Cultivate A Positive Environment

One of the most important things you can do to proactively manage your class is establish an environment that positively encourages growth.

Praise is a vital component of the classroom management machine, and it should always be centered on desired results.

Some ways to cultivate a positive environment are:

  • Be aware of your students’ intellectual, physical, social, and emotional needs. Specifically praise individual accomplishments, especially kindness. Take into consideration how verbally praising a shy student could make them embarrassed, or how it may help bring them out of their shell.
  • Be careful not to do too much individual correcting in front of other students. Some students will react poorly to the way they are being corrected rather than what they are being corrected for.
  • Arrange student seating intentionally to encourage growth and sharing. Maybe put a struggling student next to a student who is able to assist. It can also be effective to put a student who struggles to follow the rules at a table with students who consistently follow the rules. A lot of times they will rise to the occasion in order to be included with their table mates.

Once the positive environment is planted, be sure to water it and tend to it on a regular basis. Some ways to do this is by pairing praise with a visual component.

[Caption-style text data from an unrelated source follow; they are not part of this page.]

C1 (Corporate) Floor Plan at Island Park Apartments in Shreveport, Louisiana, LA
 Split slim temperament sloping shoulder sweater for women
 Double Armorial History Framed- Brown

Color-coded pocket chart cards often work. Point charts can also be effective. Keep in mind:

It has to be more than a simple green light, yellow light, red light system;

It also needs to start the moment students enter the classroom in the morning.

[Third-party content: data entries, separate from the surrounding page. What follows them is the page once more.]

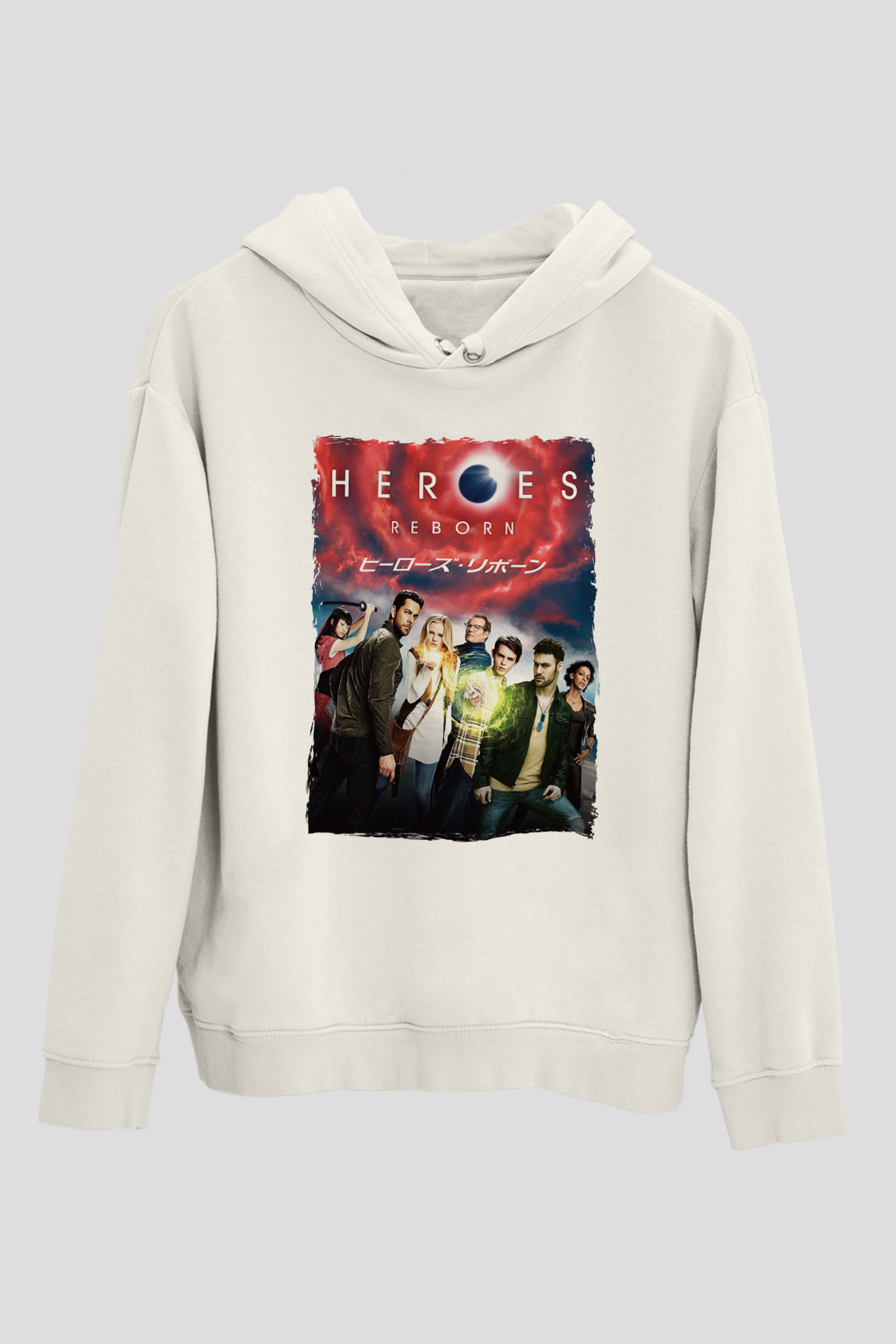 Heroes Beyaz Unisex Hoodie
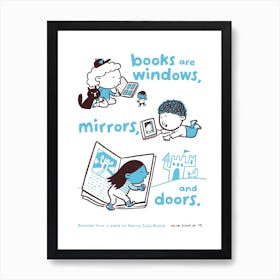 Books are Windows Children's Room Library Reader Art Print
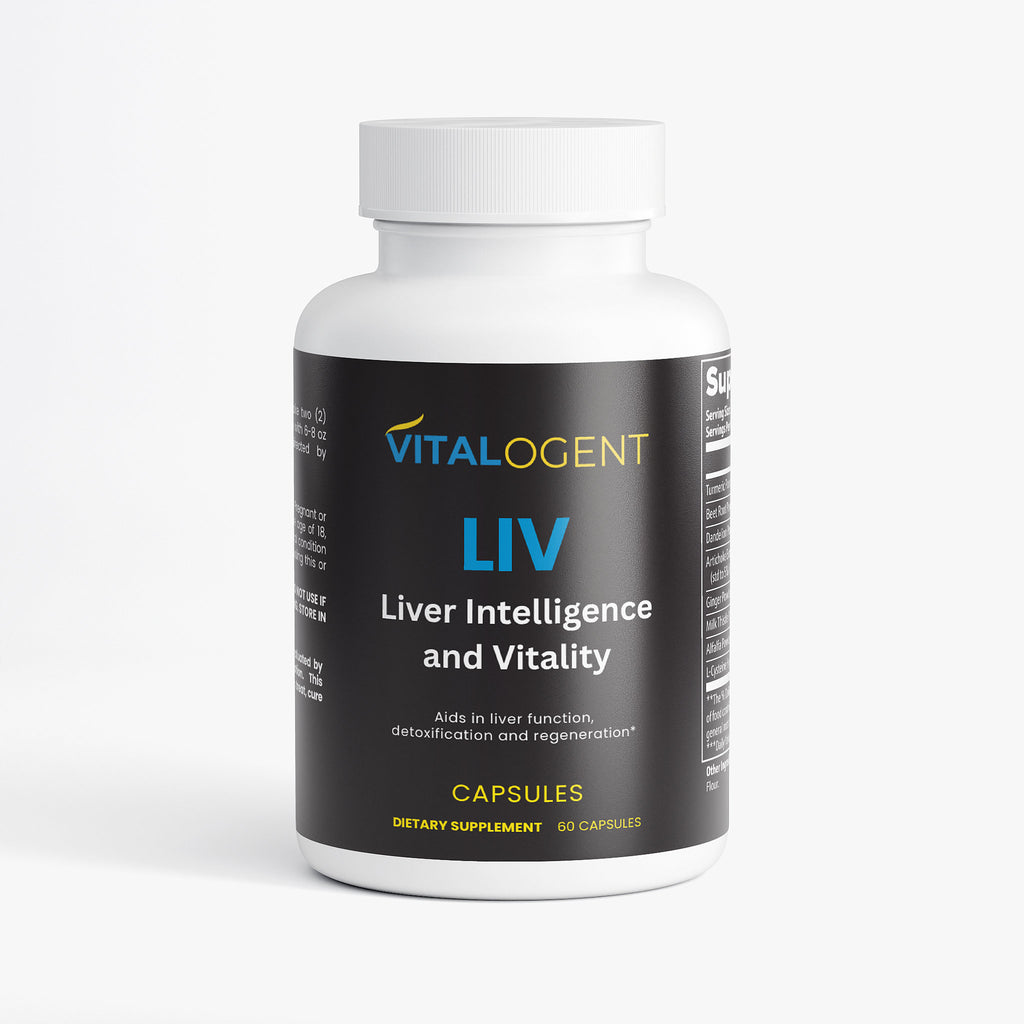 Vitalogent LIV supplement bottle on a white background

Work Together As A Community

Students need to feel like an included, valuable member of their classroom community. Letting students take part in the classroom helps them feel invested—and it can help you as well! Just like at home or in society, we all have jobs or tasks that need to be completed as a contributing member of a group. The classroom should be no different. Here are a few ways to help students become productive members of your classroom community:

  • Classroom jobs need to be specific and encourage both individuality and collaboration. Perhaps you can assign one student to sharpen pencils at the end of the day. Make sure you provide a job aide so that student knows exactly what is expected while “on the job.”
  • For example, suppose that three students are expected to work collaboratively to straighten the bookshelves. Be sure to provide job aides for student 1, student 2, and student 3. This will prevent excessive talking or arguing.
  • You might also allow students to help in more casual ways, such as assigning group runners for supplies or allowing students to pass out papers or straighten the room. These tasks can serve as helpful self-esteem builders for a child who often feels left out; however, in order to avoid favoritism, you should note how many times a student helps.

All students want to feel included and all students want the fun jobs! Makes sure to regularly rotate jobs as well as provide vacation days. It’s everybody’s classroom, and everybody needs to take ownership.

Teach Success

All students need to be taught the skills necessary for success.

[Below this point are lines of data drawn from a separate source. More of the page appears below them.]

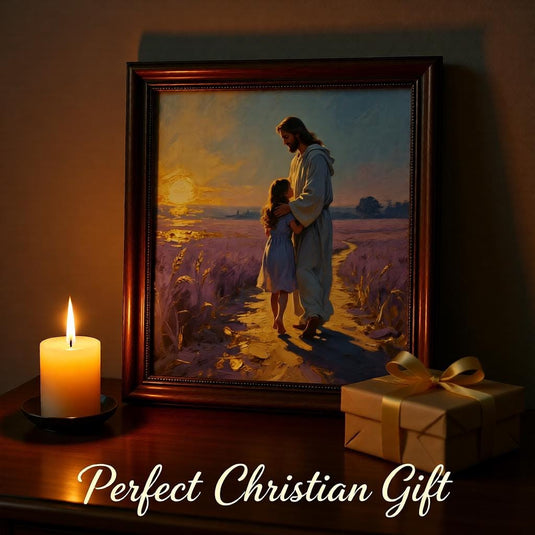 LDS Wall Art Jesus Walking Child Print Christian Faith Decor Linen Matte Download Gift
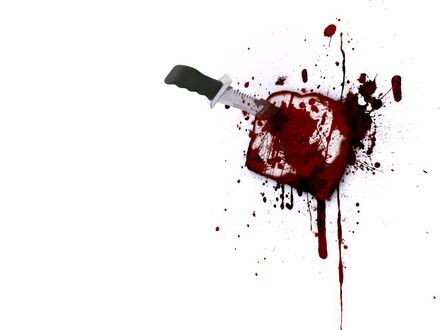 Обои на рабочий стол В кусок хлеба воткнут нож, все забрызгано кровью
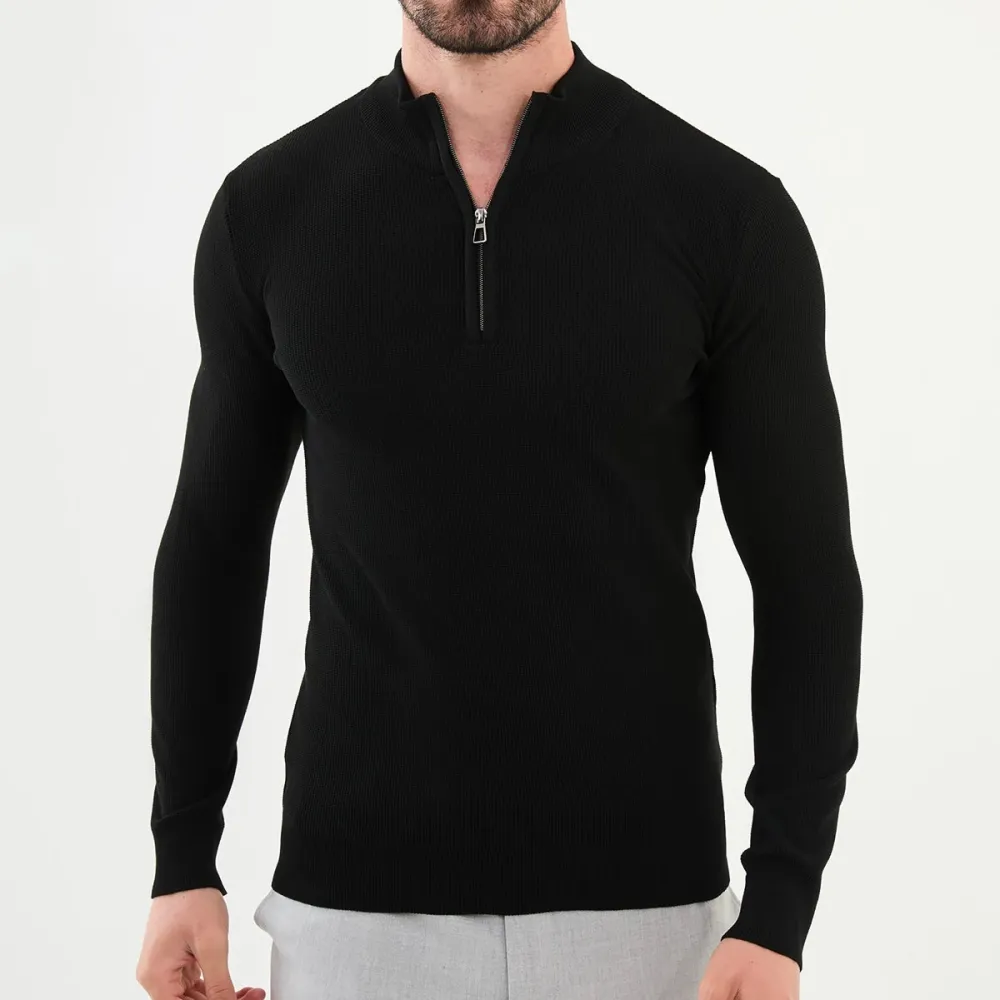 Casual Half Turtleneck Zip Knit Sweater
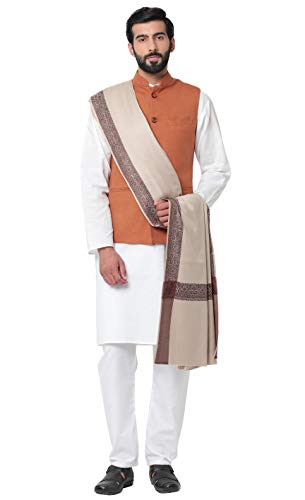 Image of Weavers Villa Men's Woven Border Woollen Lohi Meditation Shawl Wrap
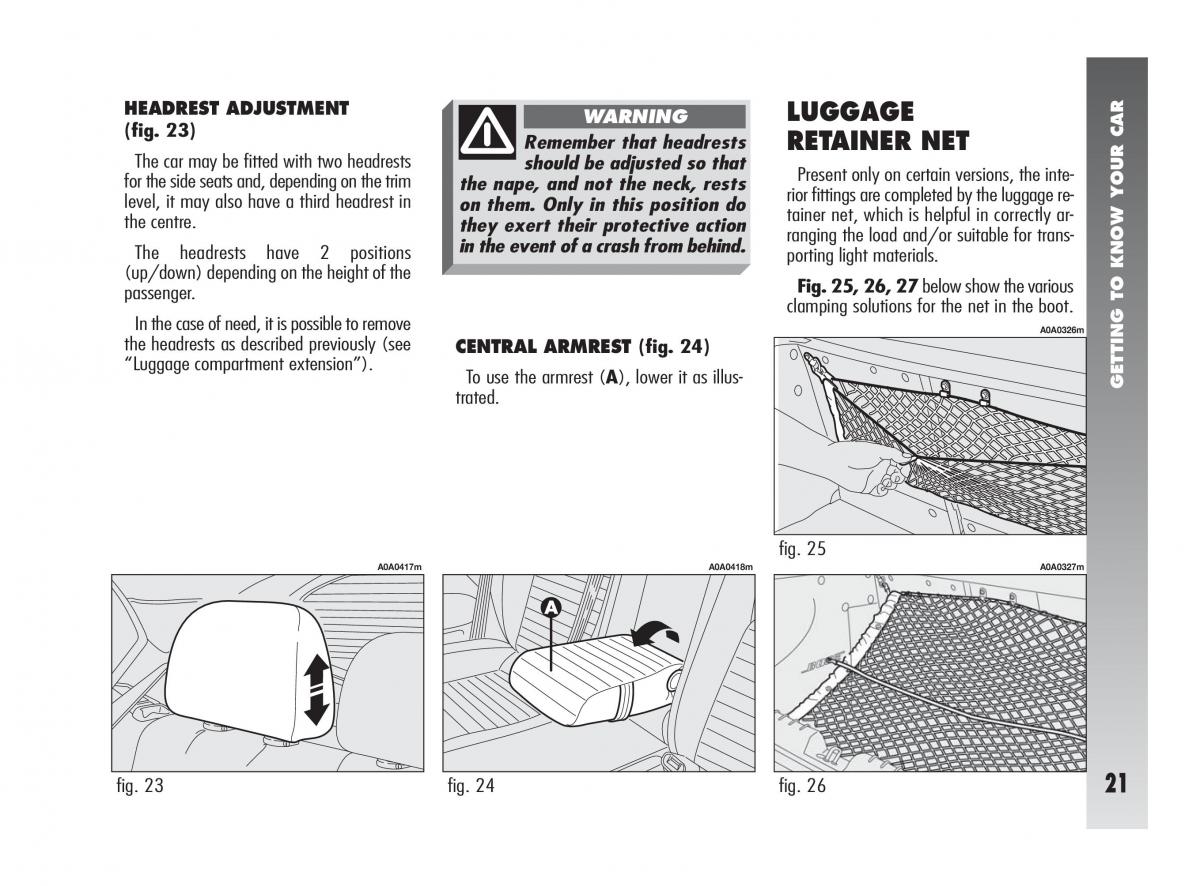 Alfa Romeo 147 GTA owners manual / page 22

So much time is spent on teaching academic content that we forget that all skills need to be taught. You should teach students the skills needed for success in your classroom. Some often overlooked skills that could be addressed include:

  • Social skills
  • Study skills
  • Self-regulating skills
  • Replacement behavior skills
  • Memory skills
  • Anger management skills

Many issues disappear after a few lessons, but students can benefit greatly if you find small segments of time to teach and model a skill; however, you may need to be creative, since not all students need instruction in the same skill.

Sure, summer is the time most teachers relax and recover from the previous year, but is can also provide much-needed time to plan ahead. This will make the transition back to school less stressful!